Sinyal Keras Washington dan Ancaman Perang AS Iran
Menteri Pertahanan Amerika Serikat, Pete Hegseth, secara terbuka menyatakan bahwa negaranya sangat siap untuk kembali ke medan pertempuran. Pernyataan tegas tersebut ia sampaikan saat menghadiri forum pertahanan internasional di Singapura baru-baru ini. Menurutnya, Washington memiliki kapasitas militer yang lebih dari cukup untuk meluncurkan operasi tempur baru di kawasan tersebut.
Senada dengan hal itu, Komando Pusat AS (CENTCOM) mengonfirmasi bahwa seluruh personel militer mereka di Timur Tengah kini dalam posisi siaga satu. Melalui pernyataan resmi di media sosial, CENTCOM menegaskan kehadiran pasukan mereka tetap solid dan terus mengawasi setiap pergerakan musuh. Kesiapsiagaan ini menjadi sinyal kuat bahwa Washington tidak sedang menggertak sambal.
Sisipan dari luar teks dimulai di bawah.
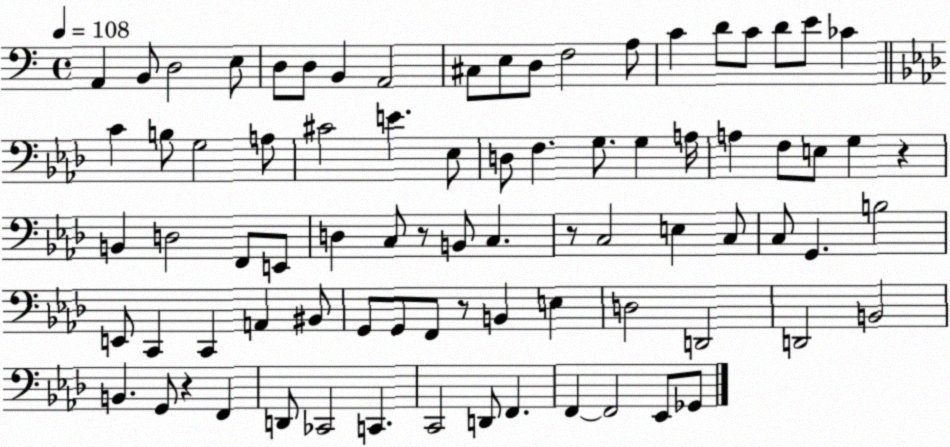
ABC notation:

X:1
T:Untitled
M:4/4
L:1/4
K:C
A,, B,,/2 D,2 E,/2 D,/2 D,/2 B,, A,,2 ^C,/2 E,/2 D,/2 F,2 A,/2 C D/2 C/2 D/2 E/2 _C C B,/2 G,2 A,/2 ^C2 E _E,/2 D,/2 F, G,/2 G, A,/4 A, F,/2 E,/2 G, z B,, D,2 F,,/2 E,,/2 D, C,/2 z/2 B,,/2 C, z/2 C,2 E, C,/2 C,/2 G,, B,2 E,,/2 C,, C,, A,, ^B,,/2 G,,/2 G,,/2 F,,/2 z/2 B,, E, D,2 D,,2 D,,2 B,,2 B,, G,,/2 z F,, D,,/2 _C,,2 C,, C,,2 D,,/2 F,, F,, F,,2 _E,,/2 _G,,/2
Syarat Mutlak Donald Trump dan Konflik Timur Tengah Terbaru
Presiden Donald Trump dilaporkan telah menetapkan garis merah yang tidak boleh dilanggar oleh pihak Teheran dalam negosiasi ini demi mencegah
konflik Timur Tengah terbaru
yang lebih luas. Salah satu syarat mutlak yang ia ajukan adalah jaminan bahwa Iran tidak akan pernah mengembangkan senjata nuklir dalam bentuk apa pun. Selain itu, Trump juga menuntut pembukaan kembali Selat Hormuz yang selama ini menjadi jalur vital perdagangan minyak dunia.
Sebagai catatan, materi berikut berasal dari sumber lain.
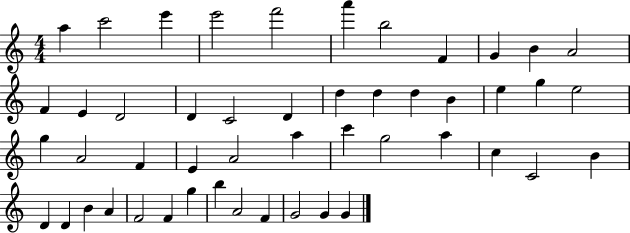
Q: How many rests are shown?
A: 0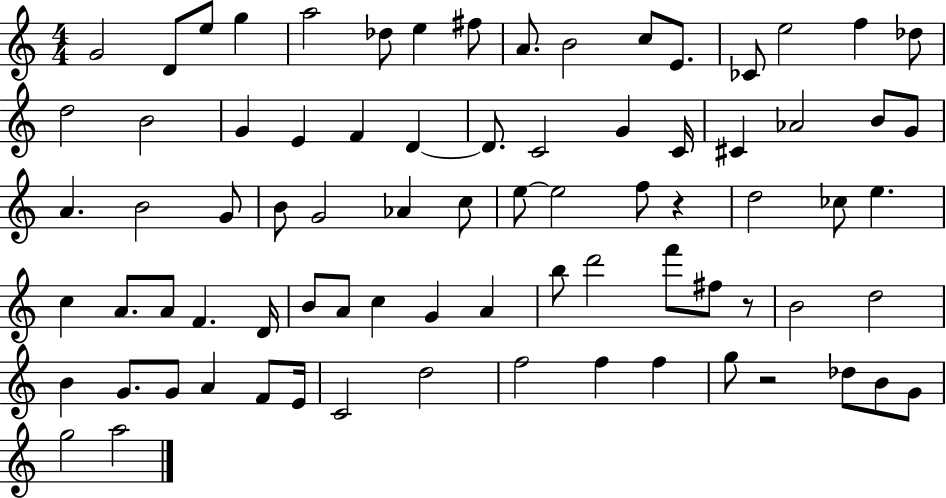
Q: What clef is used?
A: treble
Seorang pejabat tinggi Gedung Putih mengungkapkan bahwa Trump hanya akan menandatangani kesepakatan yang benar-benar menguntungkan kepentingan nasional Amerika Serikat. Di sisi lain, draf perjanjian tersebut sebenarnya dikabarkan telah rampung dan hanya tinggal menunggu persetujuan akhir dari meja kerja sang presiden. Namun, keputusan final masih tertunda setelah rapat darurat di Situation Room pekan lalu.
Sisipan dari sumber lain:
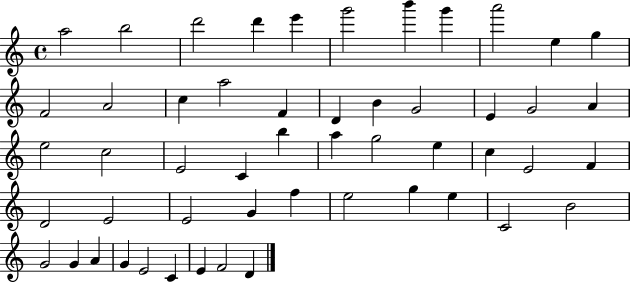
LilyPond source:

{
  \clef treble
  \time 4/4
  \defaultTimeSignature
  \key c \major
  a''2 b''2 | d'''2 d'''4 e'''4 | g'''2 b'''4 g'''4 | a'''2 e''4 g''4 | \break f'2 a'2 | c''4 a''2 f'4 | d'4 b'4 g'2 | e'4 g'2 a'4 | \break e''2 c''2 | e'2 c'4 b''4 | a''4 g''2 e''4 | c''4 e'2 f'4 | \break d'2 e'2 | e'2 g'4 f''4 | e''2 g''4 e''4 | c'2 b'2 | \break g'2 g'4 a'4 | g'4 e'2 c'4 | e'4 f'2 d'4 | \bar "|."
}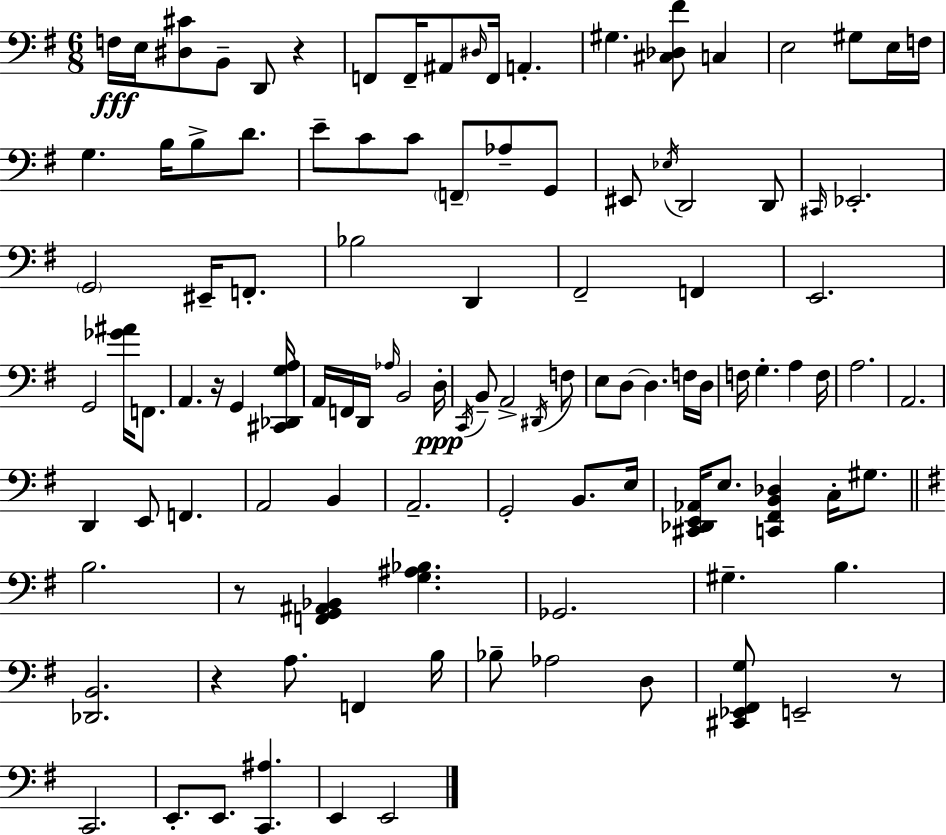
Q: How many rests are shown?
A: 5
Saling Balas Serangan di Tengah Ketegangan di Selat Hormuz
Prospek perdamaian semakin suram setelah militer Amerika Serikat melancarkan serangan udara ke wilayah pelabuhan Bandar Abbas di Iran untuk meredakan
ketegangan di Selat Hormuz
. Langkah agresif ini langsung memicu reaksi keras dari Teheran yang segera meluncurkan serangan balasan ke posisi sekutu AS. Media pemerintah Iran, IRNA, bahkan mengklaim pertahanan udara mereka berhasil menembak jatuh sebuah drone pengintai milik pasukan koalisi.
Meskipun situasi di lapangan terus membara, beberapa saluran diplomatik dilaporkan masih berupaya mencari jalan tengah untuk meredakan konflik. Iran sendiri mendesak agar pembahasan mengenai penghentian pertempuran di Lebanon turut dimasukkan ke dalam paket kesepakatan damai ini. Kendati demikian, gerak maju pasukan Israel di wilayah Lebanon selatan membuat proses negosiasi menjadi jauh lebih rumit dan penuh ketidakpastian.
Situasi yang berkembang cepat ini membuat komunitas internasional khawatir akan terjadinya eskalasi perang yang lebih luas di kawasan Timur Tengah. Banyak pihak menilai bahwa kegagalan diplomasi kali ini dapat memicu krisis energi global yang sangat parah. Oleh karena itu, mata dunia kini tertuju pada keputusan akhir yang akan diambil oleh Donald Trump dalam beberapa hari ke depan.